The case for: Alexander Zverev
Denis Shapovalov and Stefanos Tsitsipas are among rising stars poised for future success at Roland-Garros - perhaps as early as 2018.
Come the strange day when Rafael Nadal retires and thus at last is not favourite to win Roland-Garros, who might fill the void?
Alexander Zverev and Dominic Thiem, of course. But other even younger players with clay capabilities are darting up the rankings, and some may even cause damage on the Paris dirt in 2018.
The leader of that pack is arguably Denis Shapovalov. The left-handed Canadian, who turned 19 last month, is not merely the youngest player in the top 100, but as of this month is the youngest to pierce the top 30 since Richard Gasquet in 2005. That achievement is largely the product of a marvellous European clay swing, where he amassed six wins from eight matches in Madrid and Rome, including victories over Tomas Berdych and Milos Raonic.

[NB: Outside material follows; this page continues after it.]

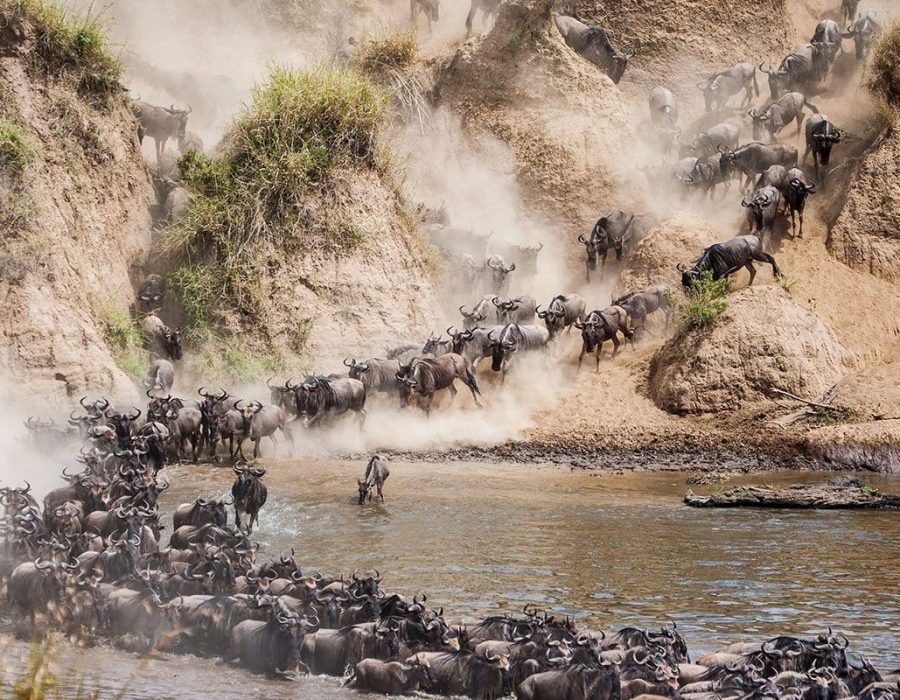 Wildebeest Migration in Masai Mara - Wildebeest Sightings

Raonic is no longer Canadian No.1; his seven-year reign was snapped by his young compatriot.
All the more extraordinary to think that at Roland-Garros 2017, Shapovalov lost in the first round ... of qualifying. But famous wins over Juan Martin del Potro and Nadal at the Montreal Masters - where he eventually lost to Zverev in the semi-finals - were among the reasons why his fellow ATP players named him their most improved player of 2017.

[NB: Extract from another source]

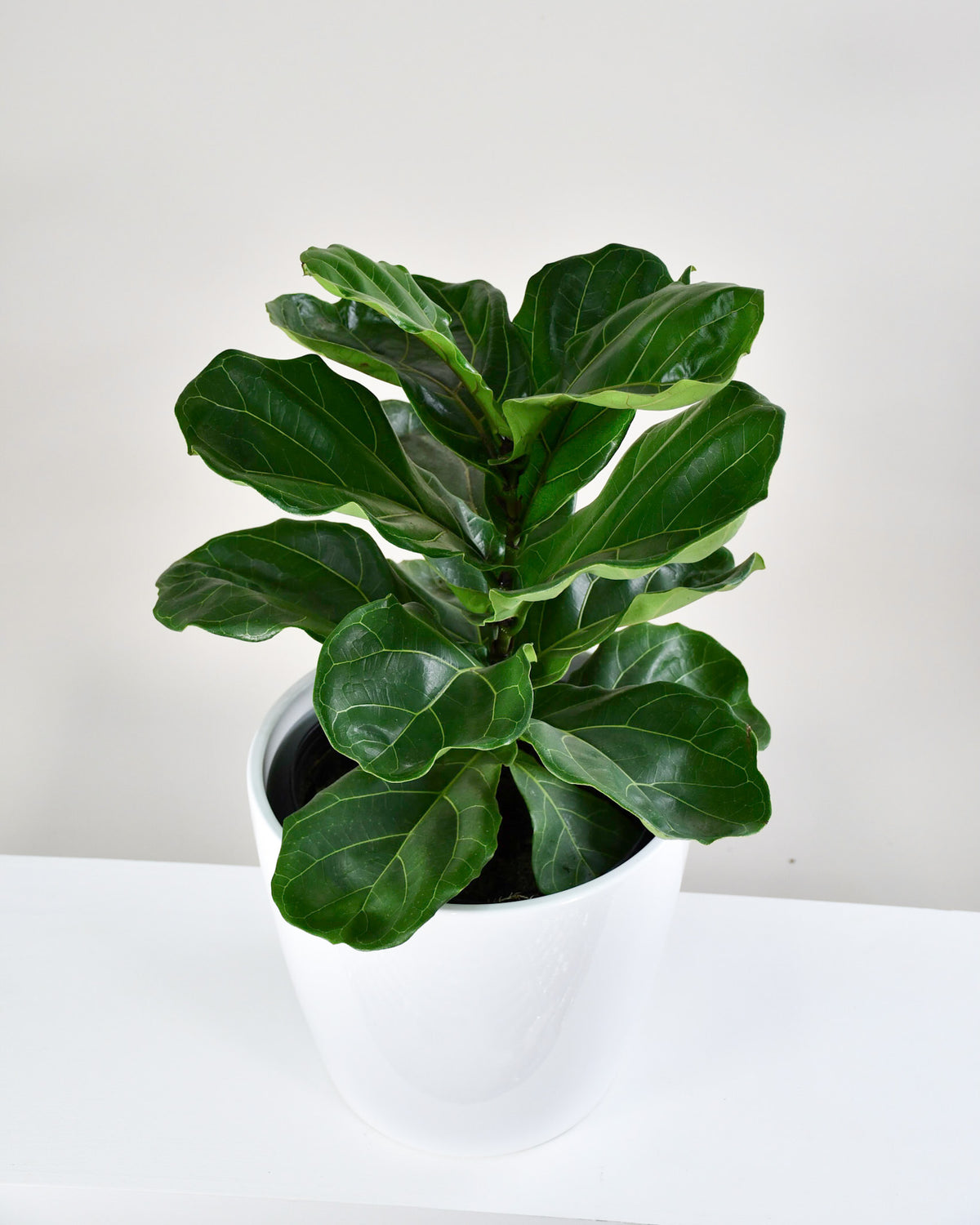 Ficus lyrata « Buisson »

But here’s the thing: he names his favourite surface as grass, as does the next name on the list – Greek 19-year-old Stefanos Tsitsipas, despite straight-sets wins over Dominic Thiem and Pablo Carreno Busta en route to the Barcelona final last month, and victory over Kevin Anderson in Estoril. There was also a brisk dismissal of one Denis Shapovalov in Monte Carlo, all of which has propelled Tsitsipas to the world no.40 slot. He is already by far the greatest Greek player in ATP ranking history, as none have previously breached the top 100.
With Tsitsipas a mere four months older than Shapovalov, the pair are not only the most marketable teenagers in the men’s game, but also they are their own quiz book. (How do you spell/pronounce Shapovalov/Tsitsipas? Who is the current Greek no.2?)
If you’re looking for a rising young player who actually names clay as his favourite surface, then the world No.56 Frances Tiafoe is your man. Naturally, that means that when he won his maiden ATP title this year, it was on the hard courts of Delray Beach – but his victory along the way over del Potro was impressive, to add to previous triumphs over Tomas Berdych and Alexander Zverev. And when the 2018 clay swing arrived, he beat Carreno Busta on a sprint to the semi-finals.
Tiafoe’s fellow American Reilly Opelka is another who names clay as his favourite surface. He is difficult to overlook – literally, as he is the tallest-ever player on the ATP Tour at 2.11m (6ft11in). At age 20 Opelka’s serve regularly breaches the 225kph (140mph) mark, speed which helped him grab 22 aces as he won the final of the Bordeaux Challenger only last weekend. That success bounced him 62 places up the rankings to No.144, and followed on from his maiden career top 10 win – over Jack Sock at Delray Beach.
If the name Felix Auger-Aliassime is difficult to memorise, then call him by his nickname of “FA2” and remember that he is the youngest to crack the top 200 since Nadal. The 17-year-old became the first player born this century to compete in a Masters 1000 event earlier this year in Indian Wells, where he earned his maiden Tour-level victory against Vasek Pospisil. Seven-time Grand Slam title winner John McEnroe is certain that Auger-Aliassime will crack the top 10, with the potential even to reach the top five through a rivalry with Shapovalov.
“In a great rivalry you see that both competitors make each other better players,” explained McEnroe. “I suspect that’s what’s going to happen in the next five or 10 years with those two.”
Don’t let’s overlook the fact a future clay-court great may lie among those contesting the junior event at Roland-Garros 2018. Rudolf Molleker, 17, became this year’s youngest winner to date at the Neckarcup Challenger, on home soil in Germany. A wildcard into that tournament, he defeated former world No.35 Jiri Vesely in the final in just his third Challenger appearance. He is the youngest German to win a title since Alexander Zverev in Braunschweig in 2014.
Shapovalov, Tsitsipas, Tiafoe, Opelka, Auger-Aliassime, Molleker… Might one of these young players one day see his reflection in the Coupe des Mousquetaires as he holds it aloft?